I’m looking at them and some other people are looking at them like you don’t understand how bad of a condition we’re in. It is nothing to celebrate even though there is progress, which is so far behind. … We’re very behind and the corporations are slow to change. Most of them have been dominated by straight white males. The infrastructure they have, the systems are created in these same spaces with the same kind of systems in place. It’s hard, even if you have some leadership that wants to change certain things. It’s hard to get their whole leadership team on board with diversity, equity and inclusion or even them taking viable steps to actually make a change. Our city barely even has a supplier system, let alone a supplier diversity system. … Companies that made a commitment to what the Greater Des Moines Partnership is trying to do, which is to help them connect and create systems to not only grow their systems internally but to grow their outreach externally with minority business communities. But we’re in 2022. This should have been done way long ago. 

For me, we’re not waiting. We’re trying to be the change that we want to see and I think that’s all you can do is just try to walk in your purpose. If you think part of your purpose as an individual in an organization is to help the company grow its supply chain, help them figure out their blind spots when it comes to how they can be better in serving diverse communities. If you think part of your purpose working for a financial institution is to help, give more home loans for minorities, Black and brown folks and immigrants. Walk in your purpose, because it’s through people that changes can happen with organizations. 

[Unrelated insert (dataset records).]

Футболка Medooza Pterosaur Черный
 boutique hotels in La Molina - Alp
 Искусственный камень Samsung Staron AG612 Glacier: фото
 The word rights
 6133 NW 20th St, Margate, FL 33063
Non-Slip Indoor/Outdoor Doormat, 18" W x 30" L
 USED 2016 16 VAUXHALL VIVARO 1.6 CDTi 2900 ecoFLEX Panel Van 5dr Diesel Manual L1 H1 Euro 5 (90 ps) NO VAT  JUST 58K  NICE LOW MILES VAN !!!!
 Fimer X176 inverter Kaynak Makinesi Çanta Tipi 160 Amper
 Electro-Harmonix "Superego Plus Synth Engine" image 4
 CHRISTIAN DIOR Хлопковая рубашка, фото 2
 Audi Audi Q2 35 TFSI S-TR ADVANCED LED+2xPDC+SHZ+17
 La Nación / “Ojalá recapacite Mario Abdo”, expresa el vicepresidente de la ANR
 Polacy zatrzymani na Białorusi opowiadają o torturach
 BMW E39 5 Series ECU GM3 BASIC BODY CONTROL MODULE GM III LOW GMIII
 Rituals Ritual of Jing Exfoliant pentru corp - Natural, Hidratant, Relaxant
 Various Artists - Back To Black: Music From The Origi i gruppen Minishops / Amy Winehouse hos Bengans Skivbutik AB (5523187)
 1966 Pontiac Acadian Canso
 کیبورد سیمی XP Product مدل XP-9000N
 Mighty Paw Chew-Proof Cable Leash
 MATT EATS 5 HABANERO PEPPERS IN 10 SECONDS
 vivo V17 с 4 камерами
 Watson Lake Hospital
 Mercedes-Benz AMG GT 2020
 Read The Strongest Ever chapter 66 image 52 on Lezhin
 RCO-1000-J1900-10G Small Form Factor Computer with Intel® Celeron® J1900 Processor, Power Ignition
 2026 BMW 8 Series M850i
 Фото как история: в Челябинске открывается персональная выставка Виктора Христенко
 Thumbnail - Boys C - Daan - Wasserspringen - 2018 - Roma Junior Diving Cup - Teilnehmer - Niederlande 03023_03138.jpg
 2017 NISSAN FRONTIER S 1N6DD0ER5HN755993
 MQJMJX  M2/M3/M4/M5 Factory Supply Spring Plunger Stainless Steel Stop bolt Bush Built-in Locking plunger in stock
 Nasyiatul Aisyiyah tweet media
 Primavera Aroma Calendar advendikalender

What role do you see for Cocoa Creative in the business community moving forward?
For me, I’m just going to continue being anywhere I can to help any entrepreneur, especially those who I identify with. I love people, and I want to help add value to anyone who’s seeking to grow as an entrepreneur and as a person. When it comes to where I see Cocoa adding value, at least in the Des Moines community, I see us being an example of what a great company can do that represents this city well, because we have and will continue to have great clients all around the country. When they say, “We work with Cocoa Creative” I want people to be like, “That’s our hometown team. That’s our hometown company.” With us being the largest Black-owned agency, certainly in the state, I want us to continue to be a great partner for corporations to look to for a great solution for branding, for strategy and to help them implement their creative needs when it comes to the things that we specialize in. It may not be on the actual execution of those things. It may be in the strategy for how they can get to where they want to be, but we’re able to be a great partner that helps complement that.